In 2004, Basic Rights Oregon, nine same-sex couples, the American Civil Liberties Union, and Multnomah County joined as plaintiffs against the State of Oregon, the Governor, the Attorney General, the Director of the Department of Human Services, and the State Registrar in a suit, Li v. State, in the Oregon Supreme Court seeking a declaration that the statutes (ORS chapter 106) prohibiting same-sex couples from marrying on the same terms as different-sex couples violated the Oregon Constitution.

In 2004, Basic Rights Oregon worked against Ballot Measure 36, which amended the Oregon Constitution to prohibit same-sex marriage. Although Basic Rights Oregon raised nearly $3 million to fight the measure, it passed with 57% in favor and 43% opposed. Following this loss, Basic Rights Oregon hired its first team of field organizers and pushed nondiscrimination ordinances in Washington County, Bend, Hillsboro, and Wasco County.

In 2007, Basic Rights led the lobbying effort to pass the Oregon Equality Act and the Oregon Family Fairness Act.

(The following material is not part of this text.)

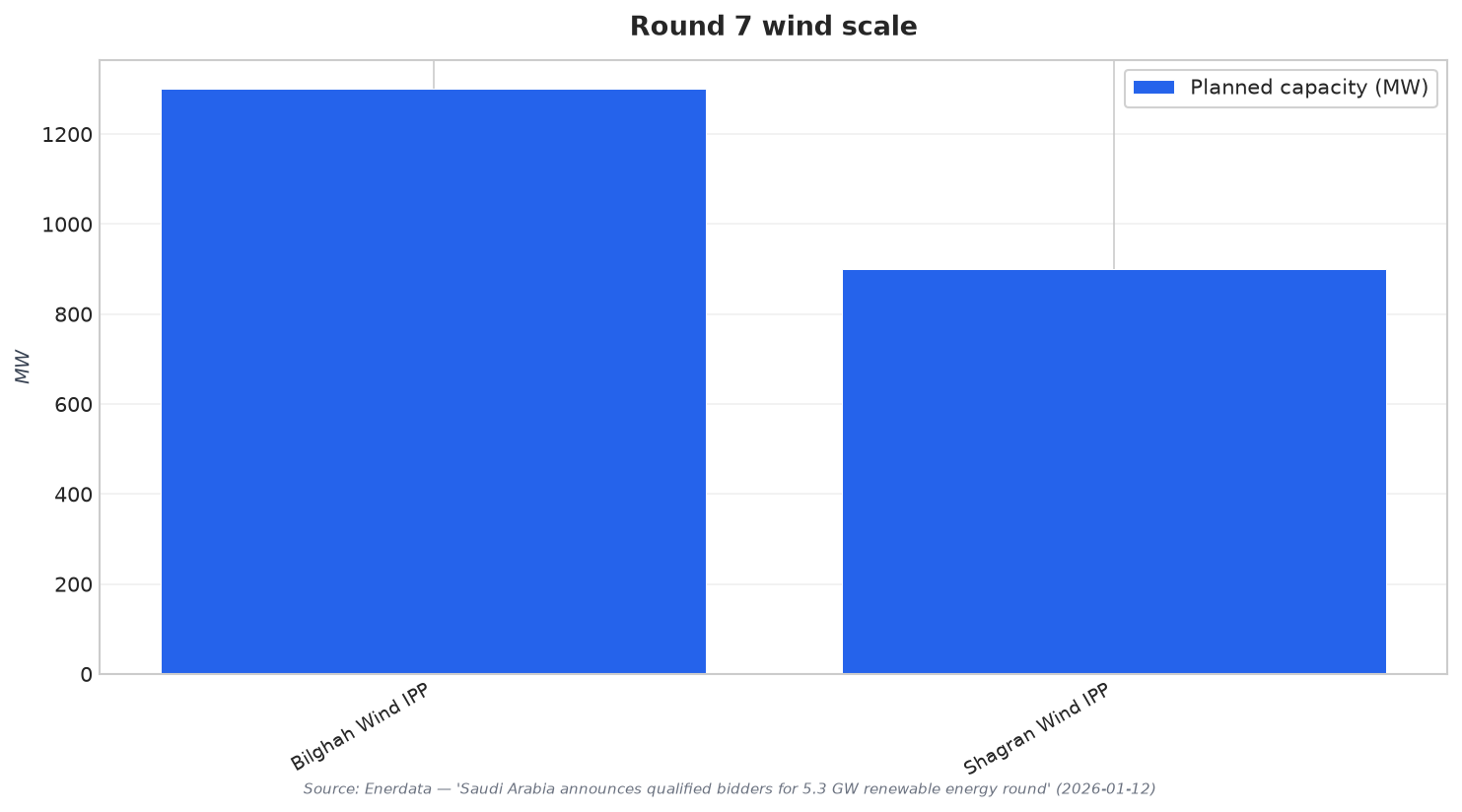 Round 7 wind scale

In 2012, following years of education and collaboration with Basic Rights Oregon, the state Insurance Division issued a bulletin banning many private insurers from selling discriminatory policies in Oregon.

In 2015, in the wake of the Supreme Court ruling on Marriage Equality, Basic Rights Oregon adopted a new strategic direction for 2015-2020. The new strategic direction seeks to center the voices of LGBTQ people of color, of rural and religious LGBTQ Oregonians, and of transgender and gender non-conforming Oregonians.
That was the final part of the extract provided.